White Space Beijing (No.255 Caochangdi, Airport Service Road, Chaoyang District, Beijing).

It is sometimes productive to imagine the impact of an exhibition with one element removed. Without the life-sized silicon model of the artist, lying in state wearing a Mao suit and shielded by a glass case, He Xiangyu’s current exhibition at White Space might not be as memorable. Much as the exhibition is posited in cerebral terms — refracting the material world and a passage to the phenomenal one, existentialism and narration — its immediate effect is one of pure shock.

Shock is next to spectacle. But unlike spectacle, shock bleeds into broader emotional or imaginative registers. Let us imagine that the figure of the dead artist is not there; the other works in the exhibition might deliver themselves differently. A yellow door fitted with an illuminated light bulb for a handle seems less like a surreal portal to another place — a metaphysical entrance, or exit — than a formal play, juxtaposing one ordinary object with another in a manner unexpected and playful (“Sorry,” 2011). The floor space before it is occupied with a rhombus formation of Chinese porcelain bowls (“08.23.2012”), some smashed and piled into mounds of shards amongst those left whole. Without the lifeless presence in the next room, they less readily conjure ideas about the lives of objects as a metaphor, perhaps, for human or historical event, instead recalling the artist’s previous actions in breaking down and re-constituting materials (Coca-Cola into a black, silt-like deposit in the “Coca-Cola Project”, 2009-10, for example) to new and visually-stimulating effect.

“A Grain of Rice” (2011-12) is a glass jar containing grains of rice on which have been written the names of deceased political leaders, sealed with wax. It is this work which most intimately speaks to the recumbent artist, stiff in the quintessential regime garb. Both the grains and the figure are held as if inside incubators. A strange atmosphere attends these glass containers: Who is responsible for these acts of preservation, and for whom are they intended? What, in fact, is being preserved? Is it for its own sake? The glass is a wall in more ways than one.

And so to the dead artist (“My Fantasy,” 2012). One has the urge to embrace its morbidity in no uncertain terms; contemporary culture in the general sense prefers not to utter the word “death.” Particularly in an age befallen, it seems, by a disproportion of disaster and discontent, society prefers the positive to the extent that its other side is almost denied until it forces itself forth. He Xiangyu’s display last year in Paris of a life-sized model of Ai Weiwei, lying face down on the floor as if felled (“The Death of Marat”) first — and interestingly — gave another artist similar treatment.

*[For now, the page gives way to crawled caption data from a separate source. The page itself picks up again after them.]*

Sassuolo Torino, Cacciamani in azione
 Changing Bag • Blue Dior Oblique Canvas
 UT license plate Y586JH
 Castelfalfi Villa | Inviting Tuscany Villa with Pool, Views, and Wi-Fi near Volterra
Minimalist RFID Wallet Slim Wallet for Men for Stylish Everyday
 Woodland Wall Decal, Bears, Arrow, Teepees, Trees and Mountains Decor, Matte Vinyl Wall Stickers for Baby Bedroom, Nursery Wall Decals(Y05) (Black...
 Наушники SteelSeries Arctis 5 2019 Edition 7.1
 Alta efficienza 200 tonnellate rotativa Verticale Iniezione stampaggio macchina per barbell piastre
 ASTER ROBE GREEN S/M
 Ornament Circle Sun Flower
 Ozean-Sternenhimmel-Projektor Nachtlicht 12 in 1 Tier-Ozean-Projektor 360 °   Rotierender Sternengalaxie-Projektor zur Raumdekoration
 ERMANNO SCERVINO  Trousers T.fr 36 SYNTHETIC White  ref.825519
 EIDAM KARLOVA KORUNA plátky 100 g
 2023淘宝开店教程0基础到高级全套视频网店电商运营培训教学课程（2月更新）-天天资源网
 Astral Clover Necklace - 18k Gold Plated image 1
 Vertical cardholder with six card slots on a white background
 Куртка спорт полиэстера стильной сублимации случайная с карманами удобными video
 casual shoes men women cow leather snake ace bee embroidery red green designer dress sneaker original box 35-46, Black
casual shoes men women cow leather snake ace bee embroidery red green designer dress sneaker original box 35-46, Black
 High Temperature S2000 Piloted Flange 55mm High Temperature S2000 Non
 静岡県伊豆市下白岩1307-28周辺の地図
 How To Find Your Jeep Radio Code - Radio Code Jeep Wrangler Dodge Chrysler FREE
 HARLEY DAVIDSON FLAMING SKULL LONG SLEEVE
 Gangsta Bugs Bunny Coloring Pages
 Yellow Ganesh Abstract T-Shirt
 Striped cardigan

The effect of He Xiangyu’s embalmed corpse in White Space (note that there was no curator here, only the artist himself) is to imbue the other works with a deep sense of departure — of collective symbolic identity as part of another realm containing traces of its predecessor — not unlike items furnishing the passage to the next place in the white tomb of a gallery. The hand of the artist is caught in extreme tension here; the willing suspension of disbelief accepts the loss of his life, yet to fake one’s own death must be one of the most transcendent acts of authorship ever carried out. He Xiangyu is everywhere in this exhibition, yet ostensibly “departed.” As a whole, this untitled outing is in every sense a potent evolution from what went before it.